Protocol 1: Sodium Balance and MAP in Conscious Mice Maintained on
Different Daily Sodium Intake
Mice were surgically prepared as described above and housed in
stainless steel metabolic cages (14 cm wide, 20 cm long,
and 10 cm high) with silicone-coated collection funnels. After the
recovery period, the animals were maintained ad libitum on tap water
and sodium-free liquid rodent chow (Dyets) by use of feeders fabricated
in our laboratory. All sodium intake was delivered by
intravenous infusion of sterile isotonic saline. The range
of sodium intake was chosen based on preliminary experiments in which
mice maintained on normal chow (1.0% NaCl) had an average daily sodium
intake of
530 µmol/d; this level of sodium intake was used as
a reference to normal intake, with the lower and upper levels of sodium
intake spaced around that value. Mice were initially infused with
saline at 1 mL/d to provide
150 µmol of sodium per day. After
3 days on this regimen, the intravenous infusion was
increased to 3 mL/d (
450 µmol/d) for an additional 3-day
period. Finally, the infusion was increased to 6 mL/d (
900
µmol/d) for the final 3 days of this protocol. This technique is an
adaptation of a method we have used to perform sodium balance studies
in rats.19
The MAP and heart rate (HR) of the mice were measured on each day of the experiment during a 2- to 3-hour recording period. After the recording period, the daily urine volume was measured and the urine collection funnel on each individual cage was washed with distilled water. This wash volume was added to the urine, the total volume of the urine and wash was determined, and the sodium concentration of the solution was determined by flame photometry.
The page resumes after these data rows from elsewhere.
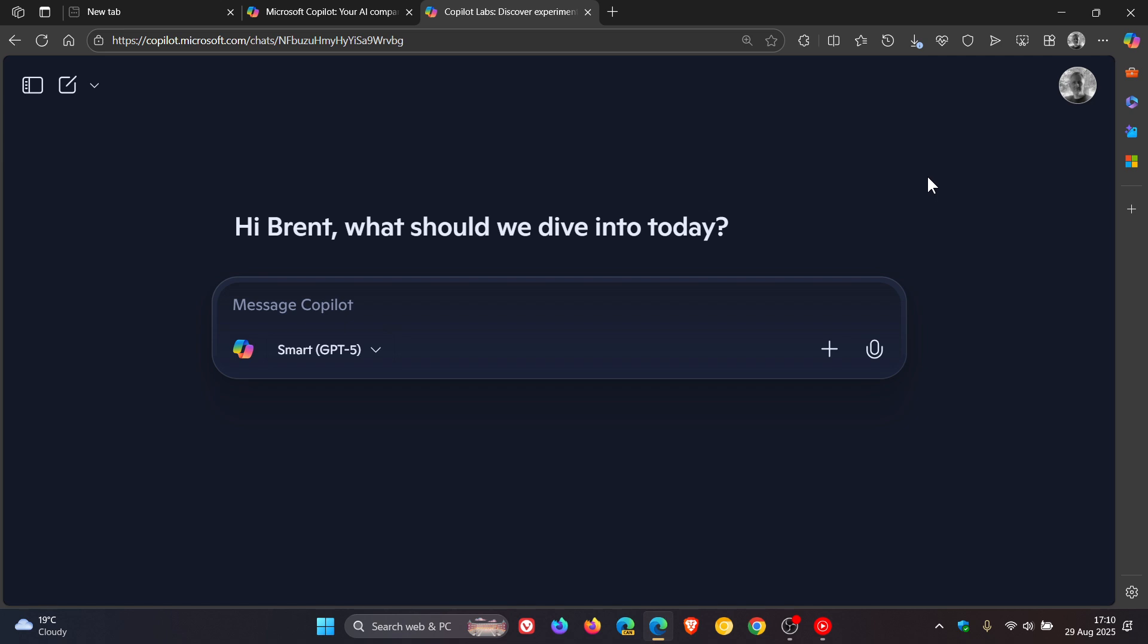Copilot audio expressions. And at this stage, no word if and when that will roll out as a stable release or as part of Copilot officially. And if I get knowledge of that, obviously I'll let you guys know. So thanks for watching and I'll see you in the next one.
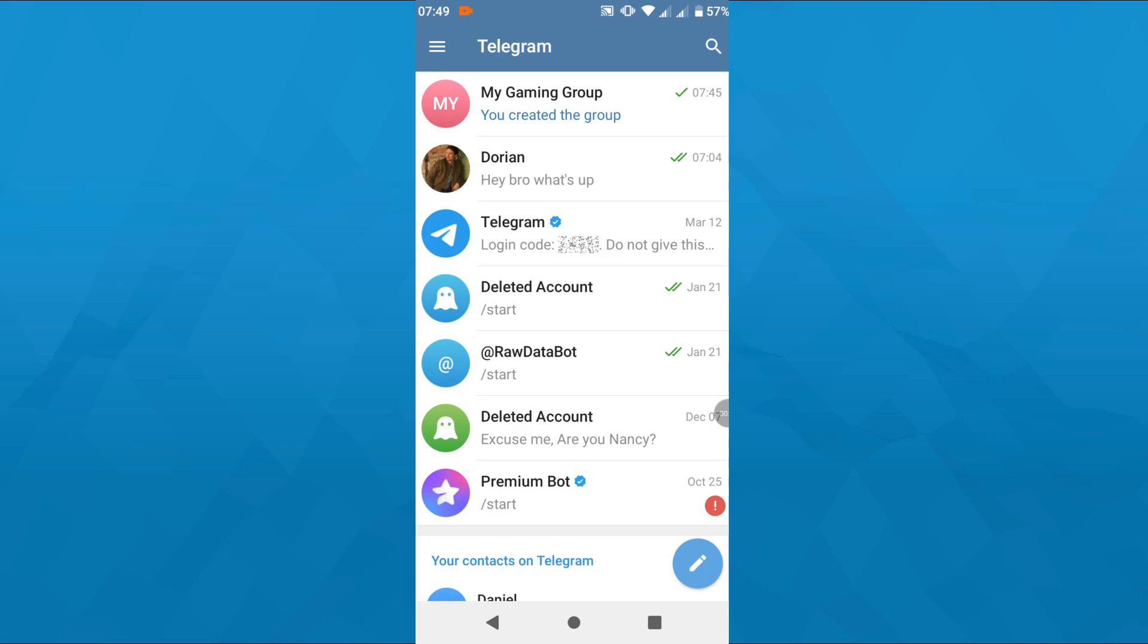Alright, so launch Telegram app, be it on your Android or iOS, and simply pick the group you'd like to add the bot to. So let me go with that group here for the sake of this tutorial.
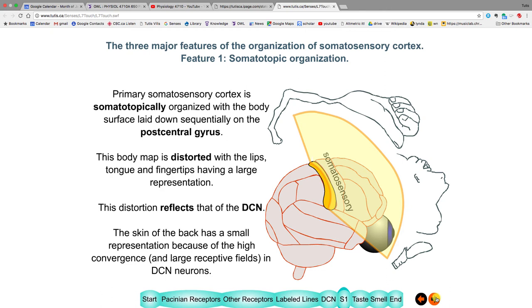The DCN has three transformations: convergence, lateral inhibition, and corollary discharge — which gates what input reaches the cortex. The signal then reaches the somatosensory cortex: a strip of neurons representing all skin surface over the body, from legs on one side to tongue on the other. This map is distorted — the trunk is barely visible, but fingertips are huge, and there is a large face area and a tongue area as big as the thumb area.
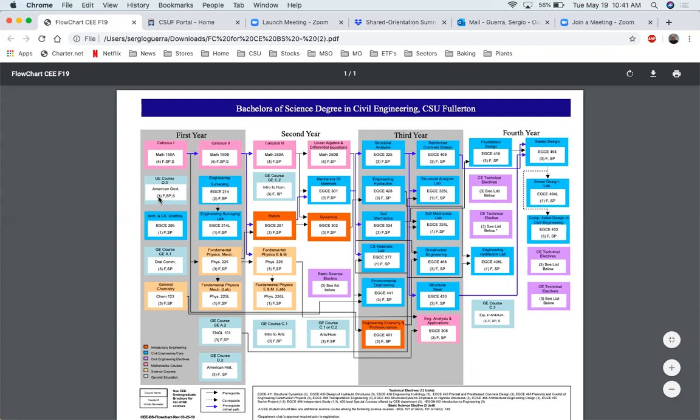Another thing you want to pay attention to is the little number here within the parentheses. Here refers to three, that's three units, and up here is four for four units, and so on. A lot of the courses vary depending on the units. In high school, you're probably familiar with five credits for each class. Here at the university, they're going to be focusing on different amounts of units.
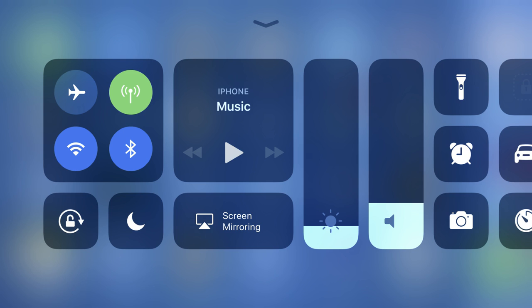A set of core applications and functionality will still appear in the Control Center and can't be removed, such as locking the screen rotation, adjusting screen brightness, audio volume, and buttons to enable or disable WiFi, Bluetooth, and airplane mode.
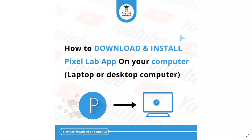Welcome to this video. Today we are going to be looking at how to download and install Pixel Lab app on your computer, be it a laptop or desktop computer.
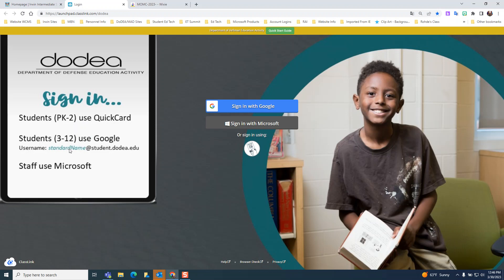Their Google account is connected to that quick card, and that would be what they call their standard name — four letters unique to them and four numbers unique to them at student.dodea.edu. Their Google password, if they do not know it for some reason, their teacher can give that information to you. Do not change those passwords at home, as it makes things really difficult when they come back to school. Reach out to your child's teacher if you do not know their sign-in information.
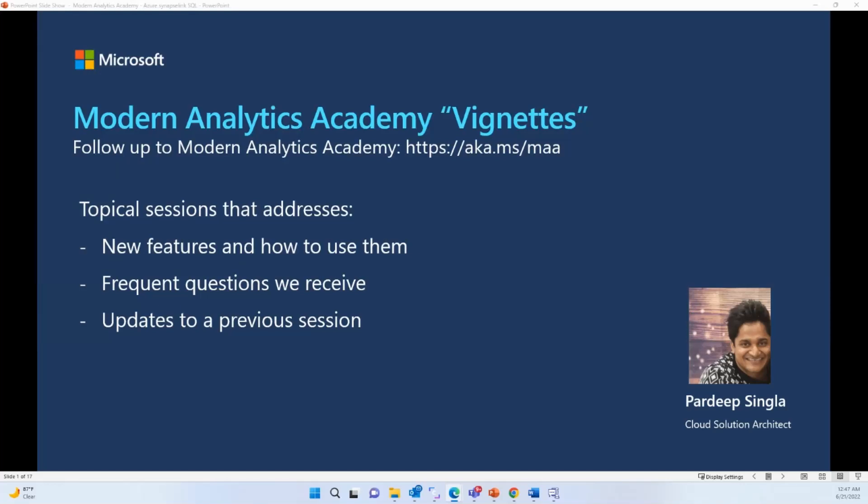Hello, welcome to Modern Analytics Academy Vineyards. If you're not familiar with Modern Analytics Academy, please definitely visit aka.ms/maa. My name is Pradeep Singhla. I'm a cloud solution architect with Microsoft Global Partner Solution Team. The main motivation behind these vineyards is to help our partners know about new features, how to use them, answer frequently asked questions, and provide updates to previous sessions.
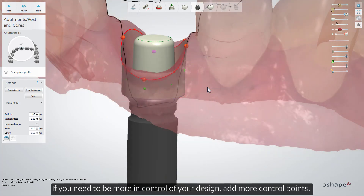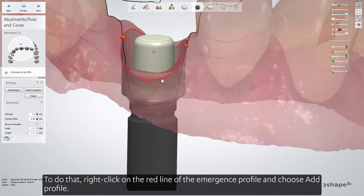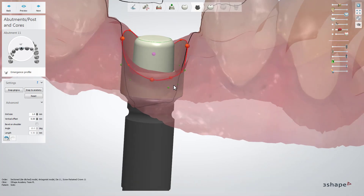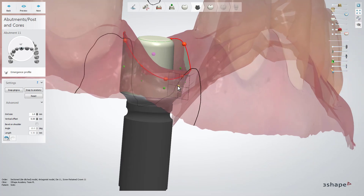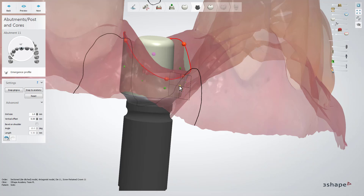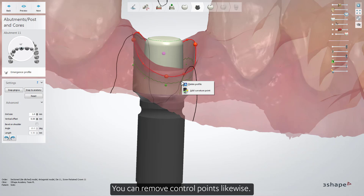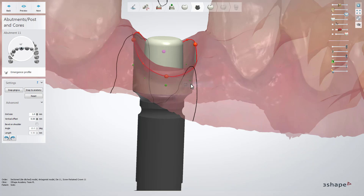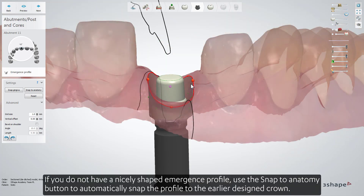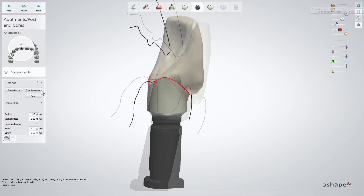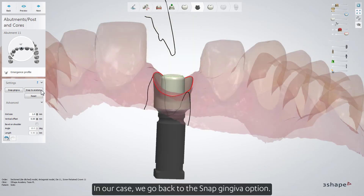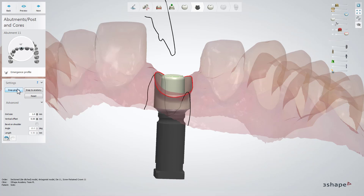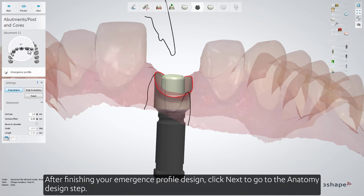If you need to be more in control of your design, add more control points. To do that, right-click on the red line of the emergence profile and choose Add Profile. You can remove control points likewise. If you do not have a nicely shaped emergence profile, use the Snap to Anatomy button to automatically snap the profile to the earlier image. In our case, we go back to the Snap Gingiva option. After finishing your emergence profile design, click Next to go to the Anatomy design step.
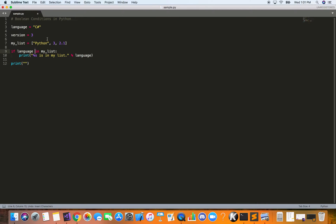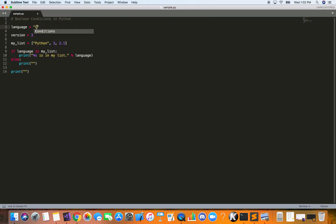Now let's say you evaluate a condition, but if it turns out to not be true, you want to evaluate something else. We have another conditional: the else statement. Use a colon and a tab's worth of indentation on the next line. So if the language is in my list, it prints the first line; if it's not, it goes to the else and prints something different. Let's rename the variable back to C sharp, which we know will evaluate to false.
Protocol 2: Daily and Cumulative Sodium Balance in Conscious
Mice After Furosemide Administration
Experiments in protocol 1 were performed to document the ability
to measure sodium balance over a 6-fold range of sodium intake.
Experiments in this protocol were designed to demonstrate the ability
to quantify changes in daily and cumulative sodium balance during and
after the administration of an agent known to alter renal sodium
handling (furosemide). Mice were prepared as described above and
infused intravenously with isotonic saline at
3 mL/d
(450 µmol/d NaCl). After 3 control days, furosemide was added to
the intravenous infusate to deliver 50 mg ·
kg-1 · d-1 for 24
hours. The infusion was then returned to saline for the final 2
postcontrol days. MAP was measured from 5 of the mice during a 2- to
3-hour period each day, and daily measurements of body weight were
obtained from all mice on each day of the protocol.
Protocol 3: Dose-Response Effect of Captopril on MAP and Pressor
Response to Ang I in Conscious Mice
Mice were instrumented as described above with chronic
indwelling femoral arterial and venous catheters. After a
5- to 7-day recovery from surgery, the blood pressure of the mice was
measured during a 2- to 3-hour daily recording period. During
the control period, the mice were infused intravenously
with saline (3.0 mL/d) and maintained ad libitum on normal chow (1.0%
NaCl) and tap water. After 2 stable control days of blood pressure
measurement, the intravenous infusate was switched to
captopril in saline to deliver 20 mg/kg per day for the first 24 hours,
40 mg · kg-1 ·
d-1 for the next 24 hours, and 80 mg ·
kg-1 · d-1 for the
final 24 hours. Blood pressure was measured after a 24-hour infusion of
each dose of captopril.
A similar protocol was performed to evaluate the pressor response to an
intravenous bolus of Ang I. Preliminary studies
demonstrated a dose-dependent effect of Ang I to increase MAP in doses
from 1 to 10 ng in a 0.1-mL saline bolus. The bolus volume itself had a
minimal influence on blood pressure (<3 mm Hg). It was
determined that the 10-ng Ang I bolus reproducibly increased MAP by
20 mm Hg. The increase in MAP after administration of a 10-ng
bolus of Ang I was, therefore, evaluated on an initial control day and
after 24 hours of infusion of captopril at rates of 20, 40, and 80
mg · kg-1 ·
d-1 on successive days in the same animal. An
additional protocol was performed in a separate group in which the MAP
response to an Ang I bolus was measured during a control day and after
5 days of intravenous captopril (40 mg ·
kg-1 · d-1). The
Ang I bolus was administered twice each day, and the average of the 2
measurements was taken as the value for that day.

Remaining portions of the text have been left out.